我正納悶著窪地小姐究竟在屋子後半邊做些什麼時,忽然又傳來一陣我先前聽見的那種滋—滋—滋—撕紙聲。
「你有聽到嗎?」我問男人。
「什麼?」
「有聲音。」
「喔,那個啊——你們這種在平地住習慣的人一定不能了解,山裡面本來就會有很多聲——」
「不好意思,現在幾點了?我沒有戴錶。」為了不讓他繼續長篇大論下去,我及時打斷他的話。
「現在——我看一下——嗯,五點四十二分。」
「咦?不可能啊,你是說凌晨嗎?現在外面還那麼黑,頂多一點半吧。」
「欸,我再看一下——喔,抱歉,我看錯了,是八點二十七分。」
「你在開玩笑吧?」
「真的啊,不然妳自己看。」男人把老舊的手錶摘下來給我,雖然錶面玻璃已經有著數不清的刮痕,非常脆弱,隨時都可能會被手指戳破的樣子,不過我勉強還可以看到裡面的指針和刻度,是八點二十七分沒有錯。
「你的手錶是不是比較慢?」
「怎麼可能?我這隻錶戴很久了,至少有十年,品質很好咧——有沒有聽過匯德隧道?」
我搖頭。
「就是清水斷崖那裡啦——這是我在隧道裡面——摸黑撿到的。」說到最後幾個字,男人說話的音量忽然變小,他向我的耳朵湊近了些,像在講一個秘密。
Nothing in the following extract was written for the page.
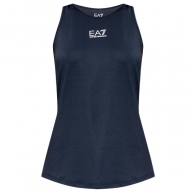 Maiou EA7 EMPORIO ARMANI Tank thumbnav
跟先前一樣,在一陣清脆的碎裂聲之後,窪地小姐終於回來了。
當她快要坐下時,白蠟燭剛好燒完、熄滅,我們三個人都嚇了一跳。瞬間,大批的黑暗包圍我們,我覺得整個人好像被不小心打翻的黑色染料塗髒了。
窪地小姐想要去拿另一根蠟燭,男人制止她。
「俄羅斯,等一下,那個——妳不覺得黑一點——比較有氣氛嗎?」
窪地小姐沒有回答。
「不行,不行,太黑了——我會怕。」我顫抖地說。
「怕什麼?妳來山裡住就要習慣——」
「我不想習慣。」我開始覺得有些惱怒了,這個奇怪的男人沒事幹麼跑來打擾我們,而且,這麼晚了還不走?
男人的一雙三角眼在黑暗中閃爍,像一明一滅的螢火蟲。
「妳一定覺得我是壞人,對吧?」他說。
「差不多是這樣。」我說。
「跟妳說,我真的不是壞人,身分證都給妳看了嘛。」
「你住在哪裡?這麼晚了,還不趕快回家?」
「我沒有家。」男人眼睛的光芒黯淡下來。
我心想:難道他是一隻鬼,死了還抓著身分證不放的鬼?可是,這未免太荒唐了。我想起小時候聽過的那些借屍還魂靈異故事,心跳不禁加快起來。
「知不知道和平溪?我就睡在和平溪橋的橋墩下——」
「平常我在那邊的山上打零工賺錢——」我感覺得到男人的手正舉起來,指往某個方向。
「所以——」我欲言又止。
「跟妳們講,我會切割很棒的輪胎,我也在合歡山種過高冷蔬菜。」
「所以——」
「而且——跟妳們講——妳們信嗎——我是從這個社會逃出來的——二十年了——怎麼回去——回不去了嘛——我—我—怎——」男人話還沒說完,就結結巴巴地站起來了,他開始穿雨衣。
「雨好像停了。」窪地小姐幽幽地說。
「我走了——」男人轉身就要走。
「等一下——」我喊道。
我上上下下摸索著背包,從裡面拿出數位相機。
「笑一個吧——」我對著男人按下快門,閃光燈像一道無聲的閃電,照亮他的臉孔,他擁有一張我看過最滄桑的中年男人的臉。